◆ WHAT TO DO: Copy out the entire listing below exactly, but without its pictures.

◆ DATASET EXTRACT:
- - - - - - -

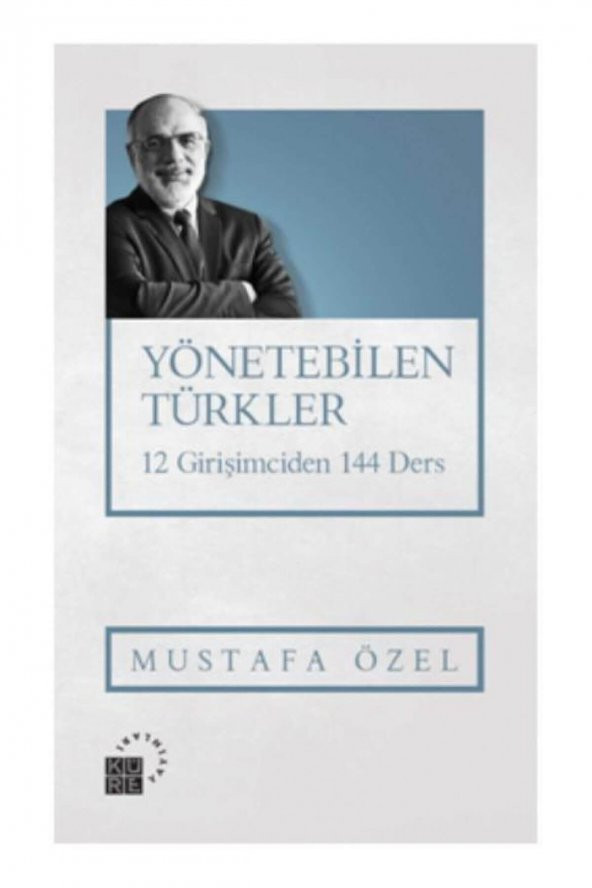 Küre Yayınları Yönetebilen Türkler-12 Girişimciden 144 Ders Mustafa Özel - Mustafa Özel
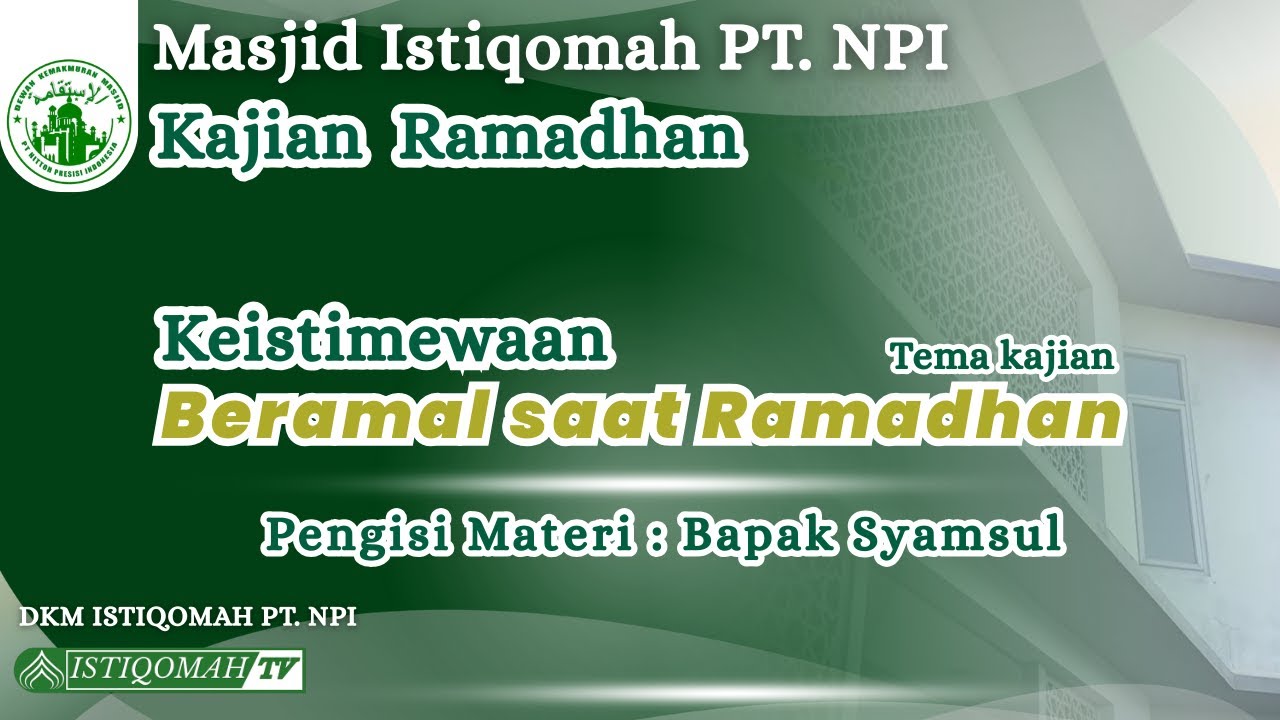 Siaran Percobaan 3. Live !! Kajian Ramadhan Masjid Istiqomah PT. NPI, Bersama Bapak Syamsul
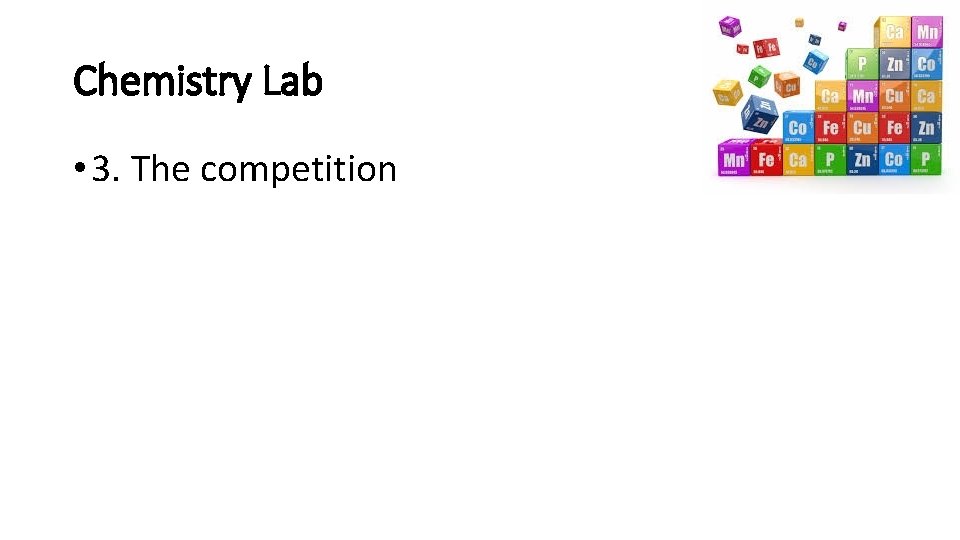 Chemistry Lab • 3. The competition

- - - - - - -

◆ RESULT FOR THIS TASK:
 Küre Yayınları Yönetebilen Türkler-12 Girişimciden 144 Ders Mustafa Özel - Mustafa Özel
 Siaran Percobaan 3. Live !! Kajian Ramadhan Masjid Istiqomah PT. NPI, Bersama Bapak Syamsul
 Chemistry Lab • 3. The competition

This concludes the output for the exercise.